ARM-software / armnn

Arm NN ML Software. The code here is a read-only mirror of https://review.mlplatform.org/admin/repos/ml/armnn
https://developer.arm.com/products/processors/machine-learning/arm-nn
MIT License
1.15k stars 307 forks source link

Segmentation fault (core dumped) while getting the node attributes from the TF Graphdef #582

Closed Darshvino closed 2 years ago

Darshvino commented 2 years ago

Hi armnn team,

Thanks for your amazing work.

I was trying to use the TF Parser code (https://github.com/ARM-software/armnn/blob/branches/armnn_20_08/src/armnnTfParser/TfParser.cpp) for deserializing the Frozen graph.

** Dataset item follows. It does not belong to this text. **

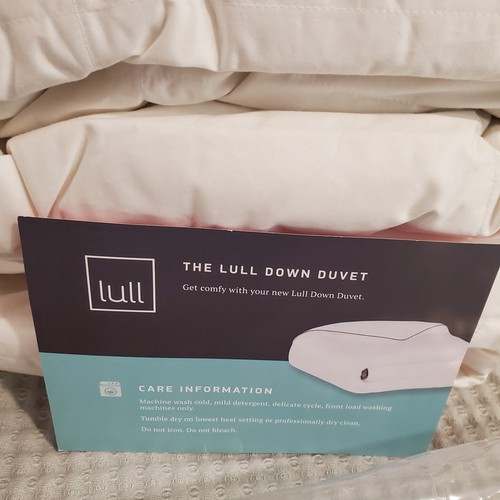 LULL (New) Brand Duck Down White Duvet Cover Insert KING Size Comforter 107x98 - Picture 8 of 8
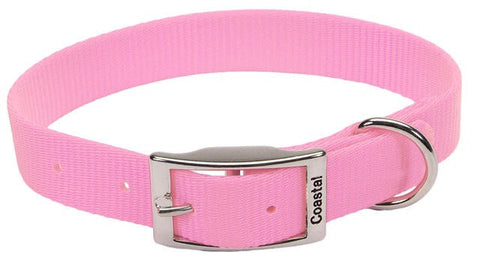 Double Ply Nylon Collar, 1" width,  3 sizes and 4 colours available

    FILE* fd = fopen("model.pb", "rb");
    if (fd == nullptr)
    {
        std::cout<<"*******there is no graph file found**********"<<std::endl;

    }
    GraphDef graphDef;

     std::cout<<"right after ReadBinaryProto"<<std::endl;
    google::protobuf::io::FileInputStream  inStream(fileno(fd));
    google::protobuf::io::CodedInputStream codedStream(&inStream);
    codedStream.SetTotalBytesLimit(INT_MAX, INT_MAX);
    bool success = graphDef.ParseFromCodedStream(&codedStream); 
    fclose(fd);

The above code works correctly, but while I am trying to get the node attributes from the Graphdef, I am getting Segmentation fault (core dumped).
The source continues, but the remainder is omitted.